_What is expected:_ In the listing below, find the line containing "Lot 870 - A" and the line containing "Szary iPad mini, biały". Repeat exactly those two lines and every line between them.

━━━ Provided data ━━━

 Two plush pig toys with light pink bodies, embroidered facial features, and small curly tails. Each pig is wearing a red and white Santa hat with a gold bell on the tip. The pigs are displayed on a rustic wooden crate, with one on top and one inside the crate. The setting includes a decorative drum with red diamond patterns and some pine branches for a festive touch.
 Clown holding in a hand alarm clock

━━━
━━━ Provided data ━━━

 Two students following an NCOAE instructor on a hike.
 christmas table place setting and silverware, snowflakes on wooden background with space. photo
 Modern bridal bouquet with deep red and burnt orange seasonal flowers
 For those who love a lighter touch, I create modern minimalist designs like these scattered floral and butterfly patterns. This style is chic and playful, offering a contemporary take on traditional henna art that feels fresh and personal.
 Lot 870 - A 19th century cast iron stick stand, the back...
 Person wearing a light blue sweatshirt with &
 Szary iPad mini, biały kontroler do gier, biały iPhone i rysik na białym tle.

━━━

_Final answer:_
 Lot 870 - A 19th century cast iron stick stand, the back...
 Person wearing a light blue sweatshirt with &
 Szary iPad mini, biały kontroler do gier, biały iPhone i rysik na białym tle.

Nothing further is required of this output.